Currently, the following input and interaction setup is used:
- Unity OpenXR Plugin for VR input from any OpenXR compliant backend
- Custom Interaction System for direct interaction consisting of Interactors and Interactables
Basic interactions should be implemented with the custom interaction system, conventional 2D UI interactions through the Unity UI.
Raw device input should be implemented using input actions from the new input system.
For increased flexibility, vitrivr-VR is structured to allow easy switching of individual components.
At the core of vitrivr-VR is the QueryController, which sends a query to Cineast when the asynchronous function RunQuery
is invoked.
QueryTermProviders are required to provide the query terms for the query.
Once the query results arrive, the QueryController will instantiate the provided type of QueryDisplay with the scored result list.
The QueryDisplay will then instantiate the results in the form of MediaItemDisplays.
Ultimately, individual MediaItemDisplays should also provide functionality for a detailed media view, but this has not yet been formalized into an interface.

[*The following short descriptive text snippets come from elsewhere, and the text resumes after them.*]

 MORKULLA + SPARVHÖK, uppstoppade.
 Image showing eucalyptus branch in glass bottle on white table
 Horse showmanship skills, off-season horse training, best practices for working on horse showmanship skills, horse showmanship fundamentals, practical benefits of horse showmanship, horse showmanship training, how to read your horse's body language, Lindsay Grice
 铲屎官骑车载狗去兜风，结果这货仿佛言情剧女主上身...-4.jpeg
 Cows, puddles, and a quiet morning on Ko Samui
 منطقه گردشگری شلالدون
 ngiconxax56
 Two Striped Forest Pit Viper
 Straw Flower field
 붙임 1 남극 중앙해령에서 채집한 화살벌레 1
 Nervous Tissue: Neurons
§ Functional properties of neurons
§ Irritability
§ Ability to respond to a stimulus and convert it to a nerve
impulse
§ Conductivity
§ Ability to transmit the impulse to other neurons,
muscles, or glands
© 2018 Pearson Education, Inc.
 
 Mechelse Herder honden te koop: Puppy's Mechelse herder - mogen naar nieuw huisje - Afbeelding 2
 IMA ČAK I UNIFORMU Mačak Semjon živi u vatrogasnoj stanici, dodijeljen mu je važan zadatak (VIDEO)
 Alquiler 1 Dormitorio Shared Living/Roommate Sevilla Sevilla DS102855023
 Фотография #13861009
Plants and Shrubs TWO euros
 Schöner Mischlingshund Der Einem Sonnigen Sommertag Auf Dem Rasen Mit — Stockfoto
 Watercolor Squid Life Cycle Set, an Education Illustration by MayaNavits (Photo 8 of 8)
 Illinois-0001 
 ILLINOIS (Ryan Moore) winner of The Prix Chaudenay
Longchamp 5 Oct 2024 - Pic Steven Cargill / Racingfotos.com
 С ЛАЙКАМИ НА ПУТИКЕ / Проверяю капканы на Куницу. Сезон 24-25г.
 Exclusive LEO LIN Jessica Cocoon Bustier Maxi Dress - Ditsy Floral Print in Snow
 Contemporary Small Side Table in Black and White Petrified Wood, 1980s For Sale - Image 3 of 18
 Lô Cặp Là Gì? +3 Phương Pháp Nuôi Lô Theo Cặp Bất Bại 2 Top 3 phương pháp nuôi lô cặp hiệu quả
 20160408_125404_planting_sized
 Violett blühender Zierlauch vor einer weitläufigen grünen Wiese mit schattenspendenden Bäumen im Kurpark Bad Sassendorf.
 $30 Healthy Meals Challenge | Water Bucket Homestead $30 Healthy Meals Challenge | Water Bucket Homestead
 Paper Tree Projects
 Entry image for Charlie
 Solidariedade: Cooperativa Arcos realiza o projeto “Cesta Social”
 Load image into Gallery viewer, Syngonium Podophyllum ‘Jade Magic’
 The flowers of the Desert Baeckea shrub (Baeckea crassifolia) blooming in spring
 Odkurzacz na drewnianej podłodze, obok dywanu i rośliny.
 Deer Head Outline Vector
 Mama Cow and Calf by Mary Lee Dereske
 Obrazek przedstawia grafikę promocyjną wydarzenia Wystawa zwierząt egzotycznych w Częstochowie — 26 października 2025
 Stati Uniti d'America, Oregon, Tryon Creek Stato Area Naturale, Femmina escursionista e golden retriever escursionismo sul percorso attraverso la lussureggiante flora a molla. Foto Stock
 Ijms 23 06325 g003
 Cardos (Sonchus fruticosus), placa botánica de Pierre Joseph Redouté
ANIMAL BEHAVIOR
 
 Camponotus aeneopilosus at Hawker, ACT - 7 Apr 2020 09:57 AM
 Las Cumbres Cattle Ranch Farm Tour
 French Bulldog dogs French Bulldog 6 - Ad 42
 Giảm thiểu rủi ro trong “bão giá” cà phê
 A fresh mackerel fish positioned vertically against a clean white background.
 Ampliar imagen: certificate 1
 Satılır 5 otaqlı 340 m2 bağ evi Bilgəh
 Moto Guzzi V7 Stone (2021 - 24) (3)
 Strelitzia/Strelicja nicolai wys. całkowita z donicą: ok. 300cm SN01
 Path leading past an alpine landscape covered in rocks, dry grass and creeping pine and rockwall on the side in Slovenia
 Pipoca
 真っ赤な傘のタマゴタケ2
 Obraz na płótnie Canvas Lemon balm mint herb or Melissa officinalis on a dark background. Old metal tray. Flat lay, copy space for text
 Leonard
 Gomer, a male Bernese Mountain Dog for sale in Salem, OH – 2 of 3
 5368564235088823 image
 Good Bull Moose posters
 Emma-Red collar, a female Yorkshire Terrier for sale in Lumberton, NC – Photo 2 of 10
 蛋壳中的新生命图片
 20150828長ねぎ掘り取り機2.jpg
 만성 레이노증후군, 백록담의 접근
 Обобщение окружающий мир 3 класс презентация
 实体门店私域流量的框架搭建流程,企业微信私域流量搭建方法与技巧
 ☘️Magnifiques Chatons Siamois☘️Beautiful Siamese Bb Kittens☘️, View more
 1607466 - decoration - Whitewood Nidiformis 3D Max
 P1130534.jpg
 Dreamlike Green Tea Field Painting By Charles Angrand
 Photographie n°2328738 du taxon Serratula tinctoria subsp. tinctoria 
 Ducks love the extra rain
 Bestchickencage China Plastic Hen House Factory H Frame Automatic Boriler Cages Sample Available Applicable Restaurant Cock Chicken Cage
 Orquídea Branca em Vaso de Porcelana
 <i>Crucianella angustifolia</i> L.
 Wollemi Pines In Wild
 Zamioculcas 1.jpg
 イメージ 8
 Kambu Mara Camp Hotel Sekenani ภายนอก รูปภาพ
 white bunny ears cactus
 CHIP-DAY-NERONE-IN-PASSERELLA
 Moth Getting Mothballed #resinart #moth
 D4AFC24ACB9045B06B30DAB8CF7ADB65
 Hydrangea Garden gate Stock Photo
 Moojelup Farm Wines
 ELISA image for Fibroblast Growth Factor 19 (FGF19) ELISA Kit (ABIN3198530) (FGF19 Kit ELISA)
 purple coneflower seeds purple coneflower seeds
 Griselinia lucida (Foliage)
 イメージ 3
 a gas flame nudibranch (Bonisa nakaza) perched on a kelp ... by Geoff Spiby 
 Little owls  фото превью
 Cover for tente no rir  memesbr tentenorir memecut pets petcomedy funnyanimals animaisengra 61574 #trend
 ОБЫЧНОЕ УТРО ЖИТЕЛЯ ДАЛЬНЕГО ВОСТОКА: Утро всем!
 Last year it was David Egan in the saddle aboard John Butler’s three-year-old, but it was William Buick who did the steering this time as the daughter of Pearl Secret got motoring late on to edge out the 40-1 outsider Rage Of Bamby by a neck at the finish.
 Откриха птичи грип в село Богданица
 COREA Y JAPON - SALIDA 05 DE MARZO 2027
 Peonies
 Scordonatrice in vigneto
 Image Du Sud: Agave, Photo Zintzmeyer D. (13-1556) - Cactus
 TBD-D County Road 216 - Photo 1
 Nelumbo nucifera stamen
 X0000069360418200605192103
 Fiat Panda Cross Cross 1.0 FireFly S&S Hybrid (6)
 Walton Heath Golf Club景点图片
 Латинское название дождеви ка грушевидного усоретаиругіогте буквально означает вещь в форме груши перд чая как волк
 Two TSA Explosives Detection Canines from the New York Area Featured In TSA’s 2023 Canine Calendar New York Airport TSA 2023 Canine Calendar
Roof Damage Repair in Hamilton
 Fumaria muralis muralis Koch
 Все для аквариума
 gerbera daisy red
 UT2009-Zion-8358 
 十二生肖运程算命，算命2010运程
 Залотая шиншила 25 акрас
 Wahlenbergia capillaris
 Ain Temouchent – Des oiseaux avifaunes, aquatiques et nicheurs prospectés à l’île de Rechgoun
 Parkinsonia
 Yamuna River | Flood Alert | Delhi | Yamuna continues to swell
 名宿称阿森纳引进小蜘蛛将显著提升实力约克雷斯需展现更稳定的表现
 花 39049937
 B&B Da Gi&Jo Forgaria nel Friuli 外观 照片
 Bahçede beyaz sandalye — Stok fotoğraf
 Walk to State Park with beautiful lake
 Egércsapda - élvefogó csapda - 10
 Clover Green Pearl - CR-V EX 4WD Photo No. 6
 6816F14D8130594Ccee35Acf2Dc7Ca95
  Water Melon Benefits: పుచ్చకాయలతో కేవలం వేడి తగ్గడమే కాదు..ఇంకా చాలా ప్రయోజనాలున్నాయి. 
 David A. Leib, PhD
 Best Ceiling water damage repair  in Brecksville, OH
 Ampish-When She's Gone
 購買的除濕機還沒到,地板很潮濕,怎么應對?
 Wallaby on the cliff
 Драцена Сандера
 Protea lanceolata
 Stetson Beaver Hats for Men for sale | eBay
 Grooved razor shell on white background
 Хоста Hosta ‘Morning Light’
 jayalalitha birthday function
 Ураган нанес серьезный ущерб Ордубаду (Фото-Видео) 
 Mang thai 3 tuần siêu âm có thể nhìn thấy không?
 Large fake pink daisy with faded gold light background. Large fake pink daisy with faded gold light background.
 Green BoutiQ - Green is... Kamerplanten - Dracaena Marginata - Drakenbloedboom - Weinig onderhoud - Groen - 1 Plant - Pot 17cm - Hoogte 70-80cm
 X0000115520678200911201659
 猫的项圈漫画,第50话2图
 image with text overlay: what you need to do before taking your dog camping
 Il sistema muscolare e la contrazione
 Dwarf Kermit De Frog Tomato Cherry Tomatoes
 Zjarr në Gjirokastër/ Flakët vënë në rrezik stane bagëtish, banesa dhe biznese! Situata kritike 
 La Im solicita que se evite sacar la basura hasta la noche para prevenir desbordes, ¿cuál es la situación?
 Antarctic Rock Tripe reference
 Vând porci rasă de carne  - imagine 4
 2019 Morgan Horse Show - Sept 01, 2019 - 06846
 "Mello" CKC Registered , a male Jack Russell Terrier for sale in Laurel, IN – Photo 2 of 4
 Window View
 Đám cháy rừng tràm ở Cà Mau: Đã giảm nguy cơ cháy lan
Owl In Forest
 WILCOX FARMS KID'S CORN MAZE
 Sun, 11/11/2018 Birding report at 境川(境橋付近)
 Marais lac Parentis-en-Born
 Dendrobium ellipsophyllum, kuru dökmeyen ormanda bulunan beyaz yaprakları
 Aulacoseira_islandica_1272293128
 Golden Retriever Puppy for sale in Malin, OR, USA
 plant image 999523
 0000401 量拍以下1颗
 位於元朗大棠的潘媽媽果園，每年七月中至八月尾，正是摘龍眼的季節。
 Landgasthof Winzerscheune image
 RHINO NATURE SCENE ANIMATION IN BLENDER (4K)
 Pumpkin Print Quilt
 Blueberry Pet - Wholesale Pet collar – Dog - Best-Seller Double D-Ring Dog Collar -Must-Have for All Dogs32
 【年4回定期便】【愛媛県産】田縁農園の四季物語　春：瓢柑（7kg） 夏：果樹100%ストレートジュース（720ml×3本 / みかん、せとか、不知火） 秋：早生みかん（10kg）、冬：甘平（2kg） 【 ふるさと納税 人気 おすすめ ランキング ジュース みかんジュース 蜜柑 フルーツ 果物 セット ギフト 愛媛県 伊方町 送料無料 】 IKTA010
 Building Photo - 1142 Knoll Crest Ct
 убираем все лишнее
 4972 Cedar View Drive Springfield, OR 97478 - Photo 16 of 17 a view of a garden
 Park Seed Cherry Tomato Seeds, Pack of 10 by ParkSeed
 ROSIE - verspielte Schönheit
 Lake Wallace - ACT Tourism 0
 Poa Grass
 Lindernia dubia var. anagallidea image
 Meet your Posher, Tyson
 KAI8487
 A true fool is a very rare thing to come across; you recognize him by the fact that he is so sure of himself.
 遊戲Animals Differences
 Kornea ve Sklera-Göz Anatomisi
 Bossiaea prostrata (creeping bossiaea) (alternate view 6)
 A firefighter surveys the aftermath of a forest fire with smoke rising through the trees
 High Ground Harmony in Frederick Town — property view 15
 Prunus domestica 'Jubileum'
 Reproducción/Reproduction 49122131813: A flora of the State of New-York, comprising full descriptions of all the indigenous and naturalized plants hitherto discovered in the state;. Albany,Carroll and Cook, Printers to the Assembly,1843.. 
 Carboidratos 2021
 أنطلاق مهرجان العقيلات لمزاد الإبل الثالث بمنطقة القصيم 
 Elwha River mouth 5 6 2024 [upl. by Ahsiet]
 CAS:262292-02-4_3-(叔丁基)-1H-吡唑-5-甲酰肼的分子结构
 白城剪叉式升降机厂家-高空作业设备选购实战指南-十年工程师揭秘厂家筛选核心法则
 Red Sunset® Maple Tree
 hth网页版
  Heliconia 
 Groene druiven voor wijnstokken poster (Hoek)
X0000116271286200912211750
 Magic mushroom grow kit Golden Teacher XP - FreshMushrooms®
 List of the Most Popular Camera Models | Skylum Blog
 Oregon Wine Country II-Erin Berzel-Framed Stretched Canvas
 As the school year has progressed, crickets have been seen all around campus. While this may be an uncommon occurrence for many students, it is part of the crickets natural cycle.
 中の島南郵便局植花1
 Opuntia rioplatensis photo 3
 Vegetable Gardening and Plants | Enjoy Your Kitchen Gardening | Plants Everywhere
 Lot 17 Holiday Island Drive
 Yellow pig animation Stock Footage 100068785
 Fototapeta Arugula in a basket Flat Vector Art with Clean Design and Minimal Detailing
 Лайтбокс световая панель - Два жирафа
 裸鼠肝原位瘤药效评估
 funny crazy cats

Once a new query is started or the current query should be cleared, the QueryController initiates the required changes in the scene.
- QueryController: Sends queries to Cineast, instantiates QueryDisplays from query results and manages QueryDisplay instances.
- QueryTermProvider: Provides the QueryController with query terms and UI components (or the user directly) with methods to specify these query terms.
- QueryDisplay: Instantiates and arranges MediaItemDisplays in 3D space. May (or should) provide functionality to explore / browse query results.
- MediaItemDisplay: Displays and allows detailed inspection of a scored media item.